BUSINESS MODEL
Ted Chan shows off his bright yellow sneakers.
courtesy of ted chan ’02
“At Swarthmore, I developed a genuine sense of social responsibility,” says Ted Chan ’02. “The business has to work or it doesn’t scale, but also it’s got to be something I want to work on that people care about, that has some type of positive impact.”
ted chan ’02
Chief Strategy and Innovation Officer

Driven to Win

From sports writer to entrepreneur
by Elizabeth Redden ’05
Ted Chan ’02 likes to keep moving. At Swarthmore, he captained the wrestling team and played a season each of football and baseball even though he hadn’t played the latter sport in high school. “Of course, I couldn’t do anything,” he recalls. “Hitting a baseball is so hard — I have so much respect for people who do it. I basically hung out with the guys and kept score.”
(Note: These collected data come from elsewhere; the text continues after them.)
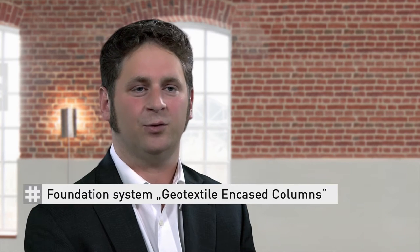Hello, my name's Oliver Detert and I'm Head of Applications Technology at Husker Synthetic. I would like to introduce you to the topic of geotextile encased columns.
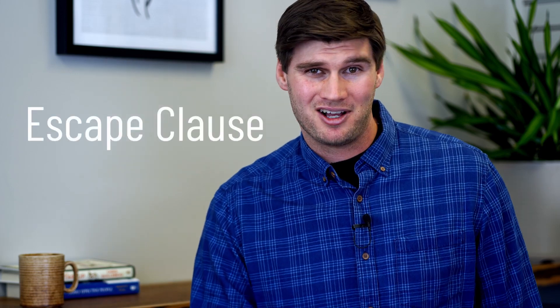Seems simple, right? Well, there's more. The escape clause — not to be confused with Tim Allen's Santa Claus experience — is an important part of this process. This allows the seller to accept the buyer's offer conditional on an SOP, but continue to advertise and sell their home on MLS.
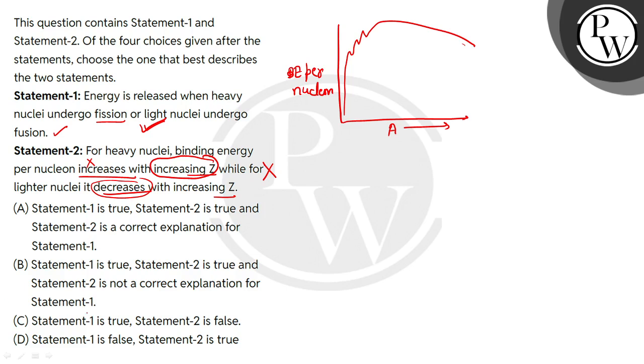We can see that option C would be the correct choice: Statement 1 is true and Statement 2 is false. I hope you understand everything. Thank you so much.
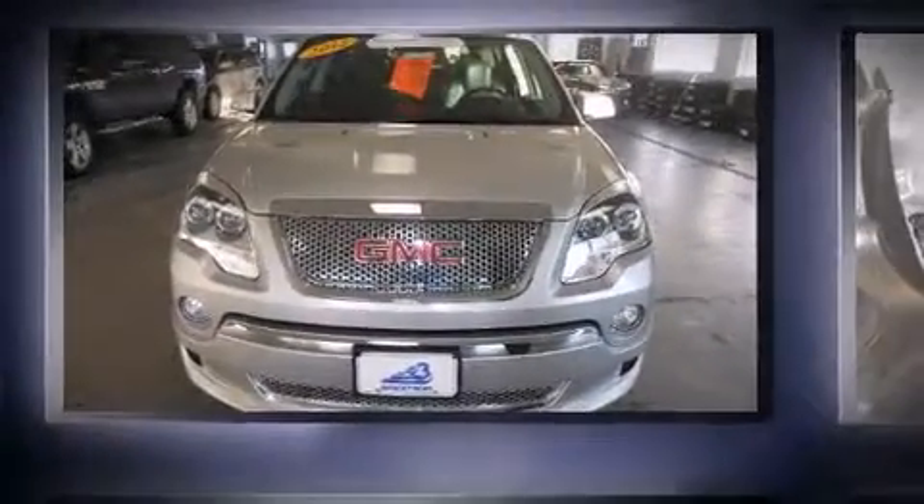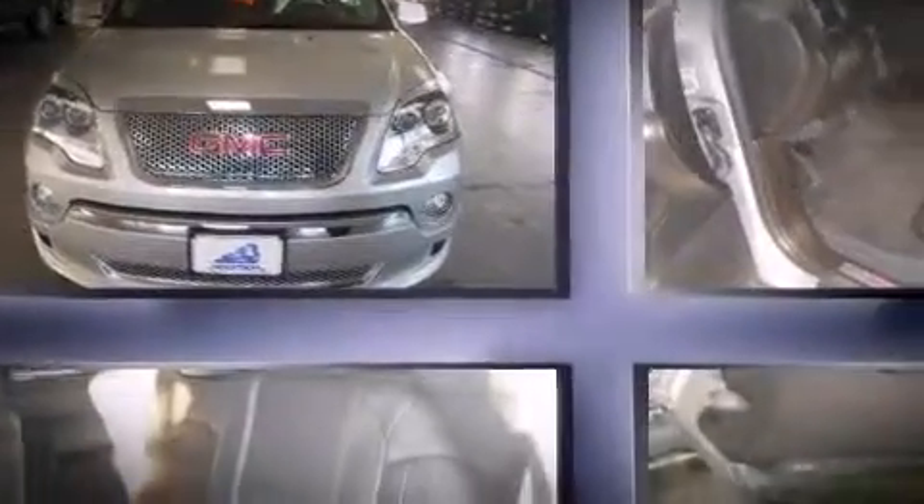Sensibility and practicality define the 2012 GMC Acadia. Under the hood, you'll find a six-cylinder engine with more than 270 horsepower, providing a smooth and predictable driving experience.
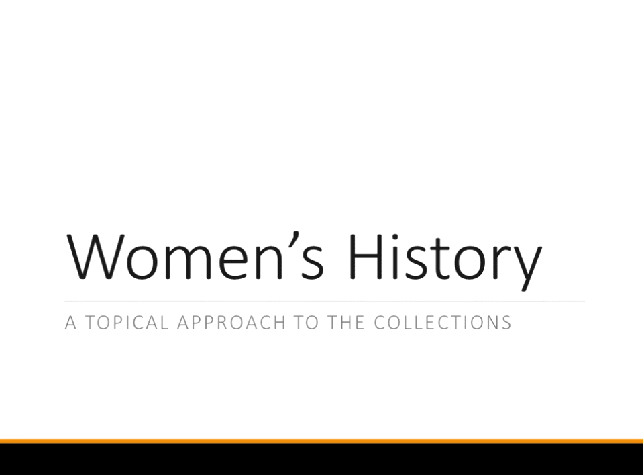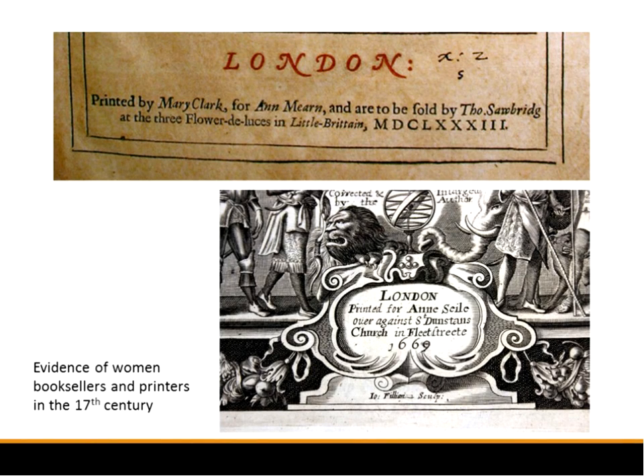That's not everything — those are just a few highlights. We also have a great collection of theater: the papers of Lanford Wilson, who was a very important playwright, along with theater programs, posters, and ephemera. I thought I'd show how you can trace one idea through the collections. This is something I worked on with Sandy Schieffer, the government documents librarian, last year — looking for women's history in special collections.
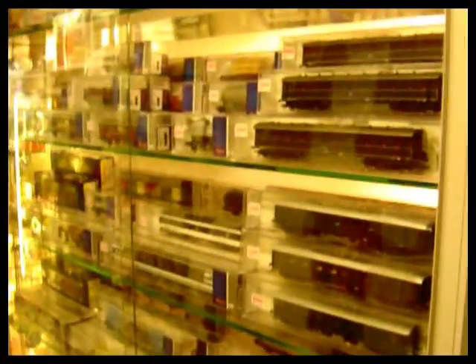A few more model kits and bits and pieces are on there, train sets up at the top, a few second-hand items there as well. Roco HO and Fleischmann HO in these two cabinets, and Roco HO locomotives in these two cabinets.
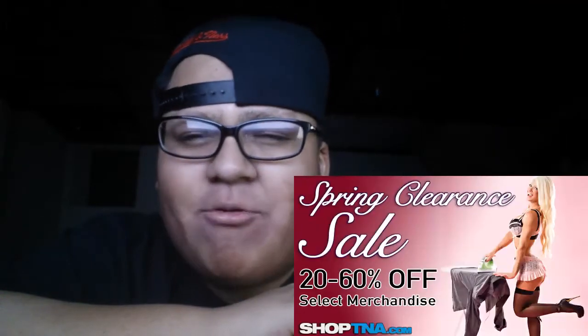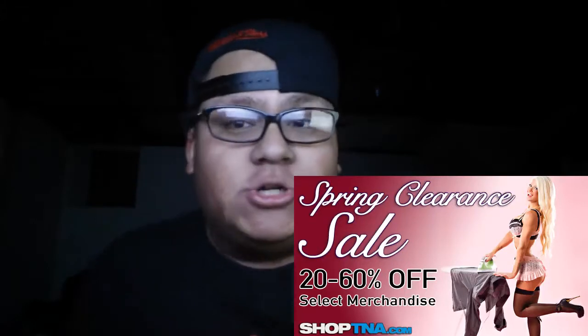This will be a Shop TNA unboxing video. TNA had a spring clearance — I think they still have it right now — where a lot of selected shirts are on sale. Normally when I buy shirts, whether it be from WWE Shop, Shop TNA, Ring of Honor, or even High Spots, I always try to go for the clearance sales because they're a lot cheaper. I guess you can say I'm a little cheap, but hey, I'm honest about it.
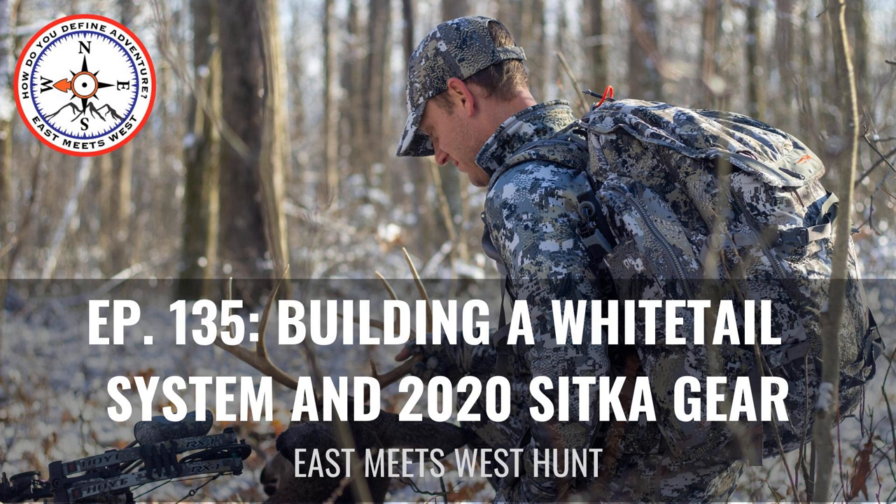This podcast — and this is going to be another two-part one, two weeks in a row doing a two-parter — is with Chris Derrick of Sitka Gear. We're going to talk about the new 2020 whitetail gear. A couple of these products I've worked on with Chris from a field-testing standpoint for multiple years, including the new mobile hunting pack, the Cargo Box, which will be on the next episode.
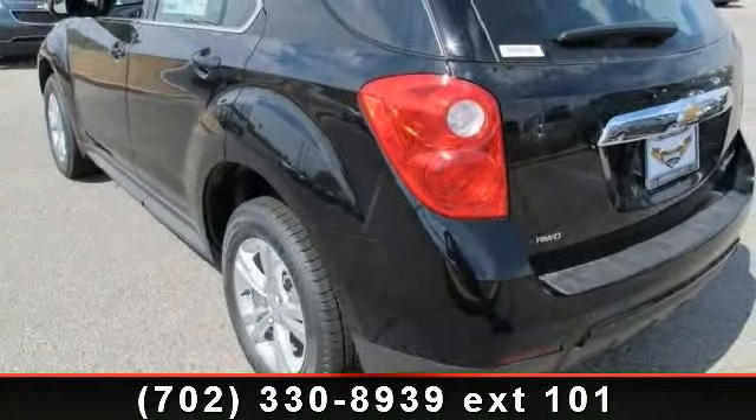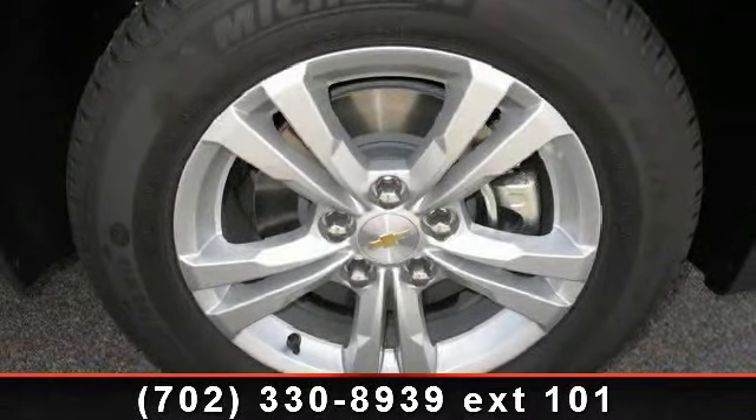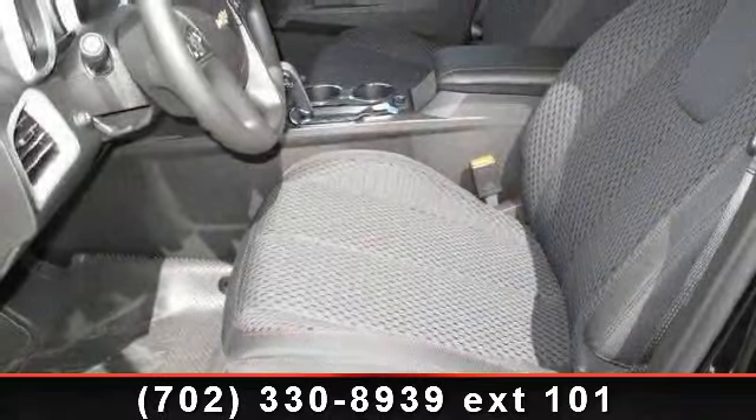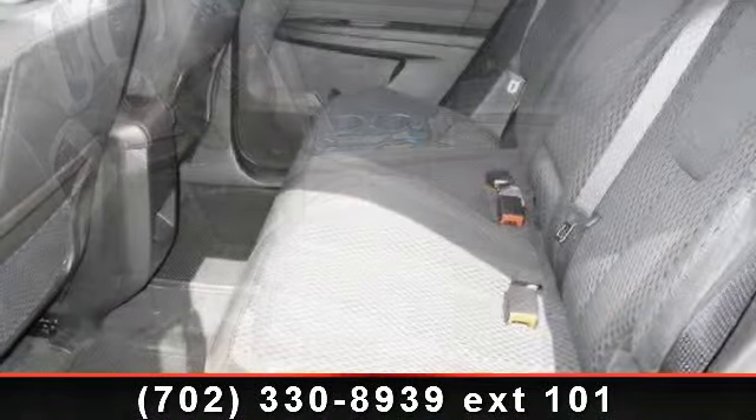Security system, all-wheel drive, four-wheel disc brakes, brake assist, driver vanity mirror, keyless entry, passenger vanity mirror, and power door locks. This vehicle shows low mileage and has a smooth ride.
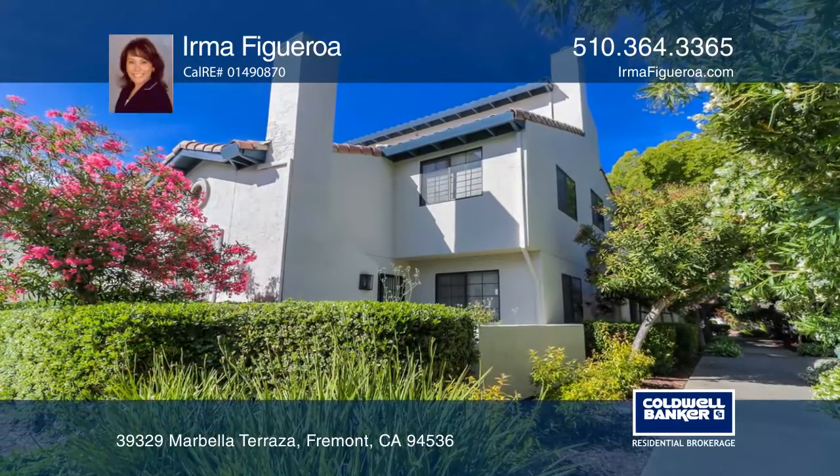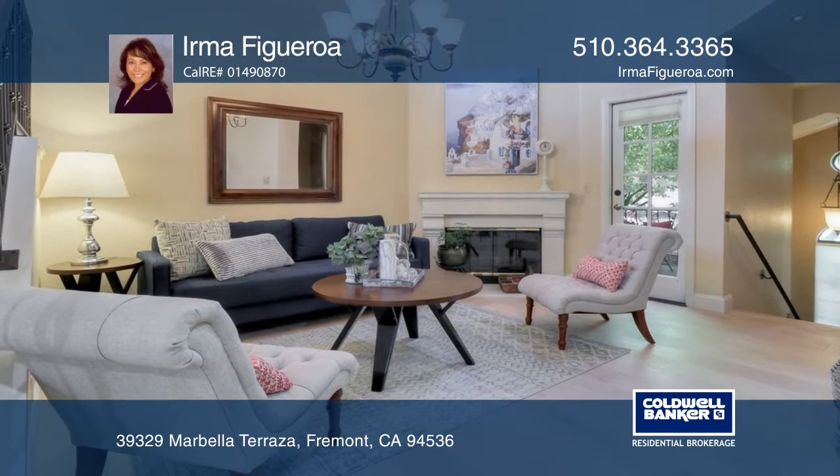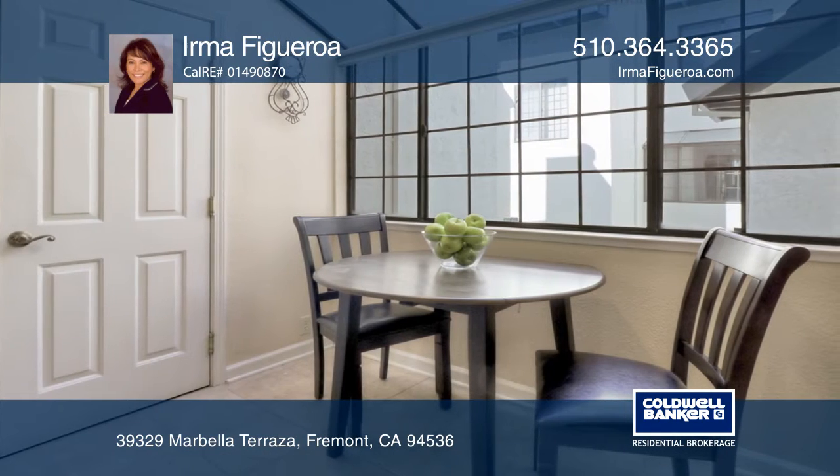Welcome to this highly sought-after Andalusia community. This two-bedroom home offers an open floor plan with recently installed hardwood floors, a loft, and a kitchen with quartz counters and newer stainless steel appliances.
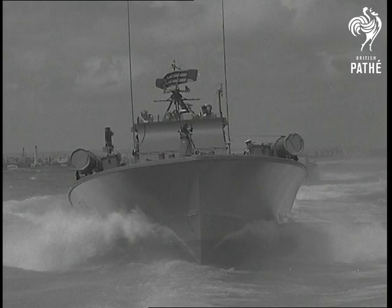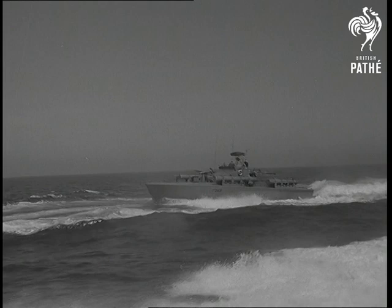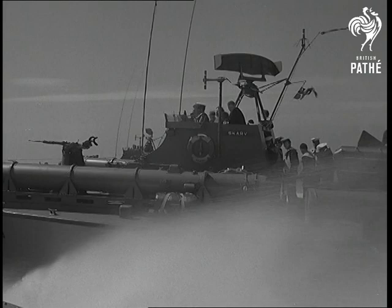They're built at Oslo, but their engines are British: 3,100 horsepower Napier Deltic diesels, remotely controlled from the bridge. One reason the Norwegian Navy chose these engines is because they start quite happily, even when it's freezing outside. Very important if you're a Viking.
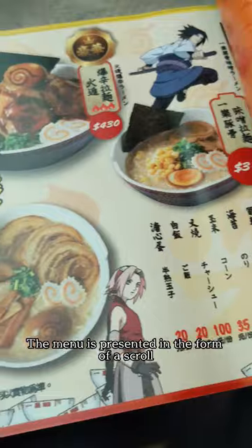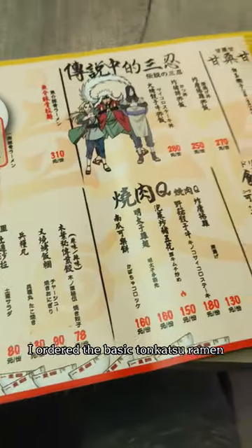The menu is presented in the form of a scroll. For the ramen, I ordered the basic tonkatsu ramen.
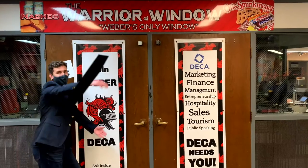Yo, what's up? My name is Kyle Boyington. I attend Weber High, and I'm going to talk to you guys about digital business apps.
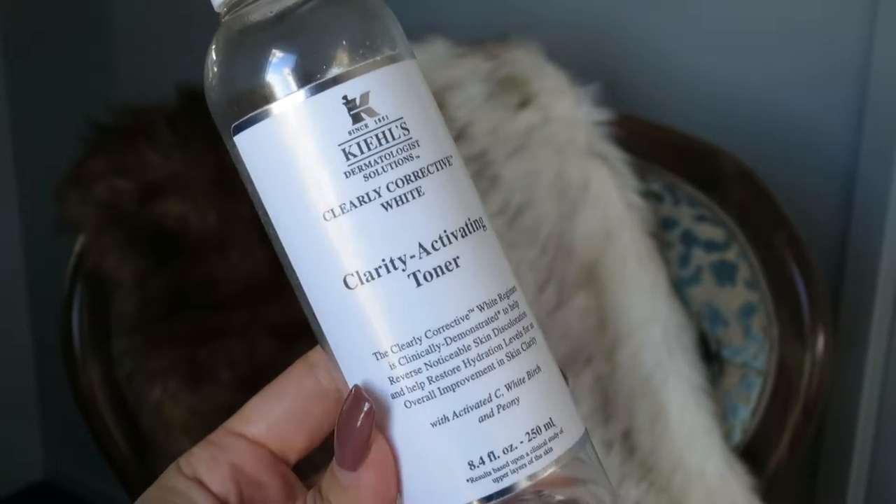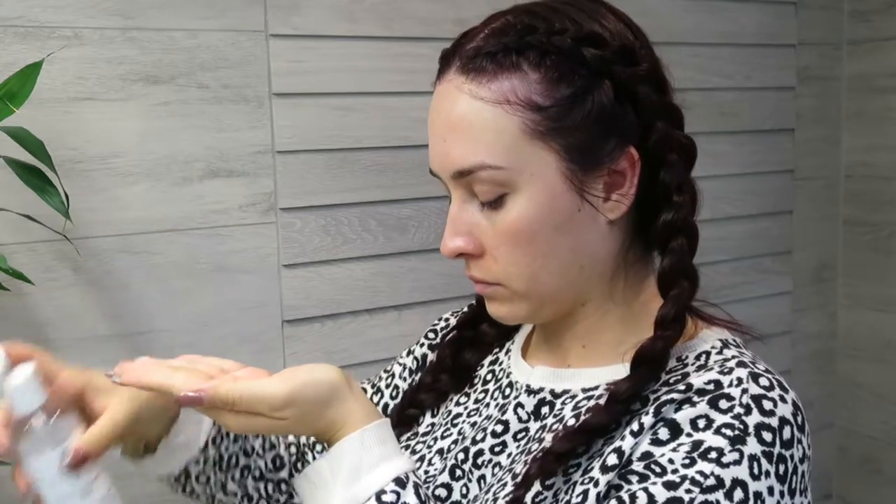After I've done my cleanse, I always follow with my Clarity Activating Toner, also by Kiehl's. This is from their Clearly Corrective White range. The Clearly Corrective White regime is clinically demonstrated to help reverse notable skin discolourations and help restore hydration levels for an overall improvement in skin clarity — with activated sea, white birch, and peony. I only use the smallest amount — I don't use a cotton pad because it wastes product. I just take a little bit on my fingers and pat it into my skin after cleansing. I always cleanse with a face cloth for gentle exfoliation and to make sure all product is removed.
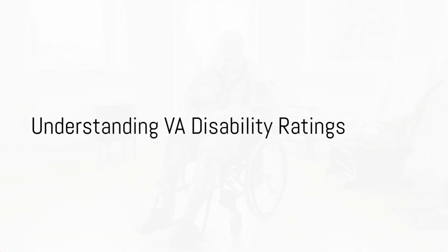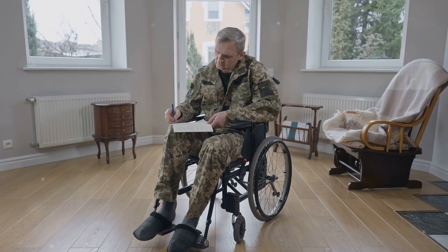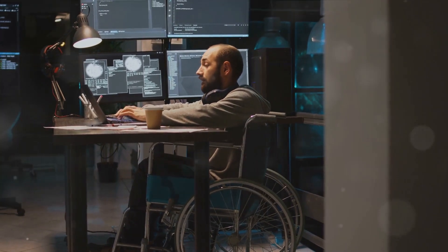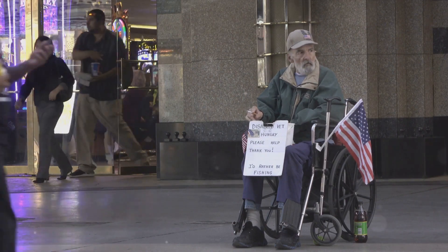Are you aware if you can work while having a 100% VA disability rating or Total Disability Individual Unemployability, known as TDIU? The rules around this can be complex, so it's crucial to understand them fully. To start, let's delve into the different types of VA disability ratings.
After the football and wrestling teams were eliminated, in 2000, Chan got into rugby — “football plus wrestling usually equals ‘really good at rugby,’ so that was kind of my thing for the next couple of years.” Chan also was a Phoenix editor — “I actually got my dorm room on the fourth floor in Parrish the last two years so I could literally pop over” — and worked as a freelance sports writer, including for ESPN.

ted chan ’02
Chief Strategy and Innovation Officer
“I really wanted to be a sports writer,” he says. Instead, Chan pursued the path of the entrepreneur. He earned an M.B.A. at Massachusetts Institute of Technology and has launched two start-ups, including a health care registry and a test prep company, PracticeQuiz.com, where he still serves as chairman. As a side project, he founded a coffee review website, CoffeeRoast.com, for his fellow aficionados of specialty roasts.

Chan, who makes his home in the greater Boston area with his wife and three children, also has more than a decade of consulting experience, and since 2018 has taught marketing analytics part time to students at Boston University.

Now, after almost four years as chief strategy and innovation officer at the Better Business Bureau, Chan is chief executive officer of Guide-a-Guest, which works with hotels to offer print and digital directories of local attractions and services. The role, he says is about connecting.

“It builds on what I was doing at the BBB, which is about helping small businesses grow and making connections in local communities,” he says.

Chan’s passion for helping small businesses stems from his parents, immigrants who owned an “old-school” Chinese restaurant in Wellesley, Mass.

What drives Chan is upward mobility, he says. “My family came to America as immigrants,” he says, “and business growth is the engine that creates opportunities for all.”